Sunday, June 19, 2011

Whew! What a last few days...

These past few days have flown by!  This blog is going to be more of a prayer request than anything...Over the last few days Satan has been attacking me in more ways than one.  Spiritually, physically, emotionally...every "ly" way he can. 

First one, Spiritually....

Every time I get ready to pray, read my Bible, worship, I have an overwhelming sense of sin.  Not current sins that I have to ask forgiveness for...but for sin I've been forgiven for already.  I am feeling guilty for sins that aren't even relevant to my life anymore.  I couldn't figure out why this was happening.  Last week at church we had the Global Day of Prayer.  While we were there, my great friend, Natalie, prayed for me.  She reminded me that once I ask for forgiveness I am washed white as snow.  If I ask for forgiveness and then fail to believe that God is truly forgiving me, I am putting limits on Him.  Once I am forgiven...I AM FORGIVEN! 

Second one, Physically...

Most of you know that Ellis and I have been wanting to add to our family.  Most of you also know that we struggled getting pregnant with Ellis Lee (Eli)  This past week we had a Worship Explosion at church.  It was a time of worship (obviously by the name) a time of prayer, and a time of fellowship.  Two of my very good friends laid their ands on me and prayed that God would heal my body 100%.  I fully believe that He will, and He is able!

Third one, Emotionally...

All of you know now, by reading my blog, by talking to me, by talking to my family...Ellis is deployed and in Afghanistan.  It has been a stressful two weeks, but we are getting through this.  I miss Ellis more than life itself, but I know he is safe, and he is being strong.  I think the hardest thing for me is that people I thought were my friends are turning out to be not so great.  They have spread vicious lies about me, my family, and my other friends.  I have never dealt with any of this so its been very hard.  My heart goes back and forth with wanting to forgive them, and knowing I should...  My heart hurts because I've been hurt, but it also hurts because I know that Satan has been able to get his foot in stronghold among them...I hurt for them. 

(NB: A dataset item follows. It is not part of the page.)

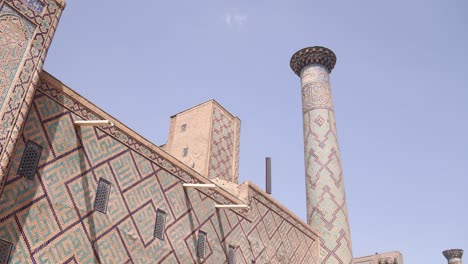 detailed-tiling-on-minaret-and-wall-of-mosque-in-Samarkand,-Uzbekistan-along-the-historic-Silk-Road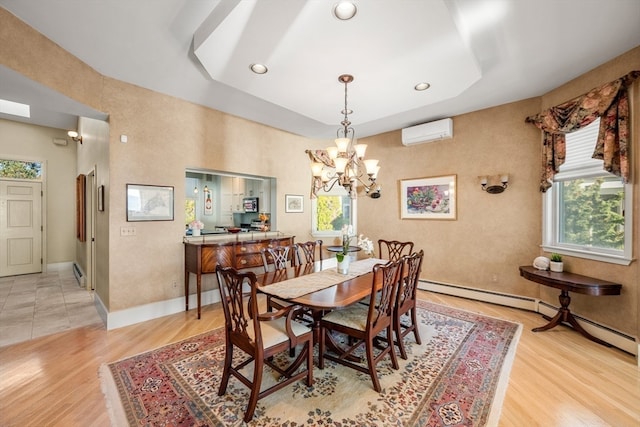 dining area with light hardwood / wood-style floors, a wall unit AC, a baseboard heating unit, and a chandelier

Even with this crazy week behind me, I cant help but think of how Great of a God we serve!  There is a song by Eric and Leslie Ludy that I fell in love with in college.  The chorus goes

White as Snow
He has made you
White as Snow
The moment you confessed
His heart forgave

I haven't been able to stop thinking that over the last few weeks.  Thank you God for your amazing love and forgiveness.  Without you, I would be nothing.  Help me forgive those who I have a hard heart toward, and please be with them. 

Thanks for keepin up with the blog friends!  Just so you all know, If you are in the Norfolk area this Tuesday, I am having a shake tasting event, and would LOVE for you to come on over to my house to try this amazing product.

I pray that the Lord blesses you and keeps you!

-b
 Please keep us in your prayers...especially the things I mentioned today.  Thank you!